> **Work item**
Transcribe the listing underneath, keeping each word exact and omitting the images.

> **Task data**

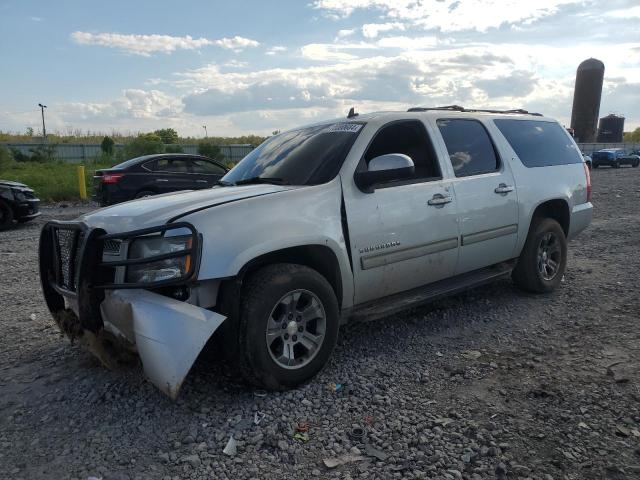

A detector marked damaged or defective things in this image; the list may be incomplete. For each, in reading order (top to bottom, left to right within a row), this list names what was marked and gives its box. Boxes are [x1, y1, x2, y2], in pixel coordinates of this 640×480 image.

front end damage [38, 220, 226, 398]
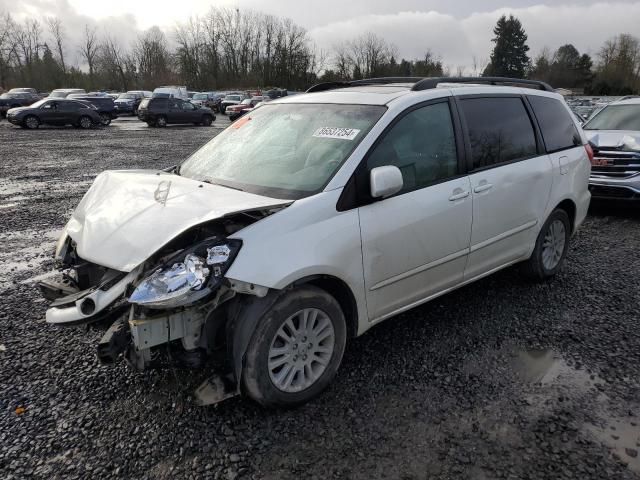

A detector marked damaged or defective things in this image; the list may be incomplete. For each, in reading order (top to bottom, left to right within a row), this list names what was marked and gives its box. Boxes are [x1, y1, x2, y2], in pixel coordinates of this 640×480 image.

dented hood [584, 130, 640, 151]
dented hood [65, 171, 290, 272]
damaged front end [40, 212, 278, 404]
exposed headlight assembly [127, 238, 240, 310]
broken headlight [127, 239, 240, 310]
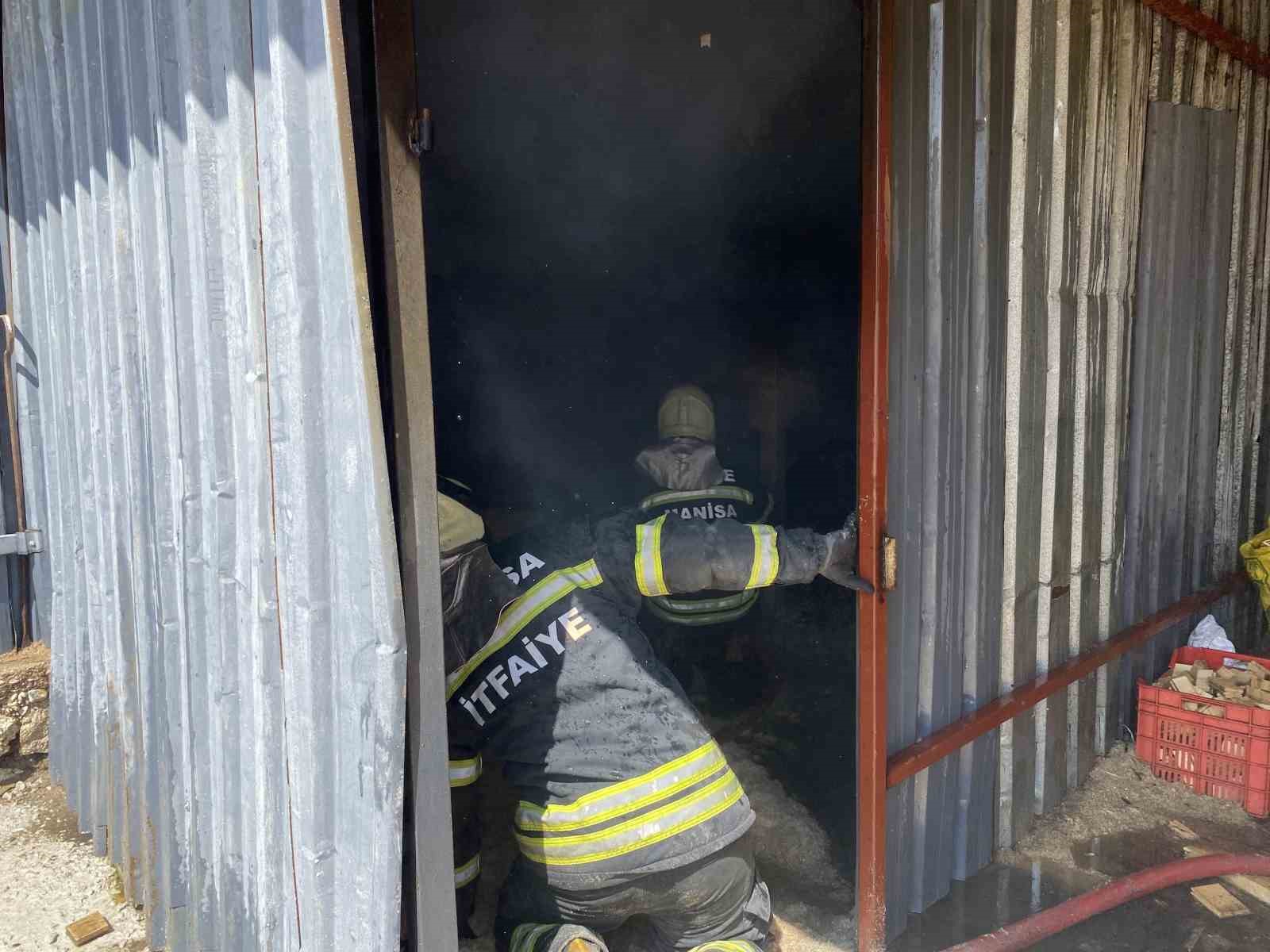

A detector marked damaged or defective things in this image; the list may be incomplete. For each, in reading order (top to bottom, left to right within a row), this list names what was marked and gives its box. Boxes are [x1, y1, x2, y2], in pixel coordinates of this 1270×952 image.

rusty metal surface [1, 3, 406, 946]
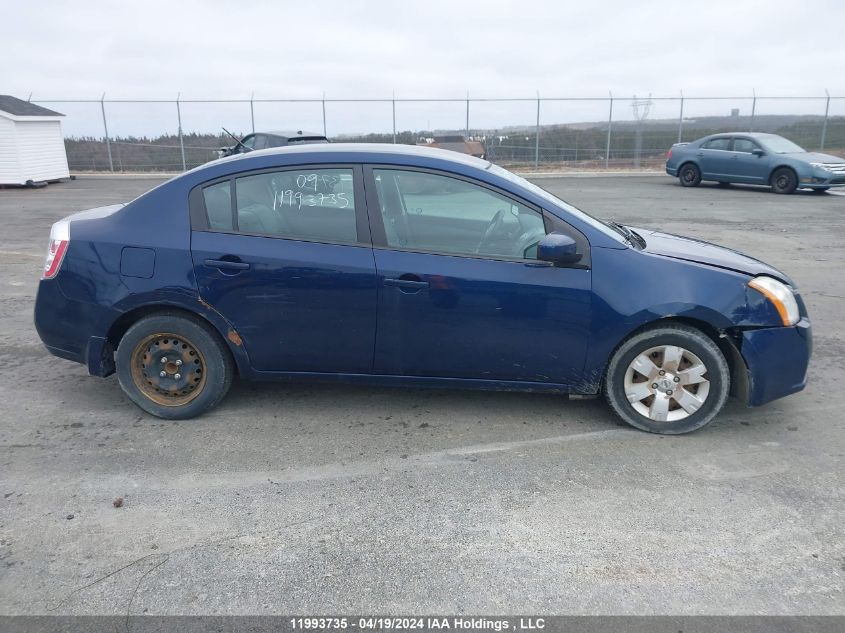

> **Solution to the problem**
A detector marked damaged or defective things in this image; the list may be incomplete. For each, in reading order (top to bottom, left to right within a row), this list names what was marked and gives its box. Boxes are [x1, y1, x2, y2], in pixel coordinates of this 640×480 image.

front end damage [38, 220, 226, 398]

A detector marked damaged or defective things in this image; the list may be incomplete. For each, in reading order (top to bottom, left to right within a row), this list names what was marked and gives its box. Boxes are [x1, y1, x2, y2], in pixel coordinates of this 640×480 image.

dented hood [584, 130, 640, 151]
dented hood [65, 171, 290, 272]
damaged front end [40, 212, 278, 404]
exposed headlight assembly [127, 238, 240, 310]
broken headlight [127, 239, 240, 310]

A detector marked damaged or defective things in this image; the list may be incomplete. For each, in reading order (top to bottom, left to right within a row), this list names what was marked and gives its box. Boxes are [x1, y1, x2, y2], in pixel coordinates of this 1270×952 image.

rusty metal surface [1, 3, 406, 946]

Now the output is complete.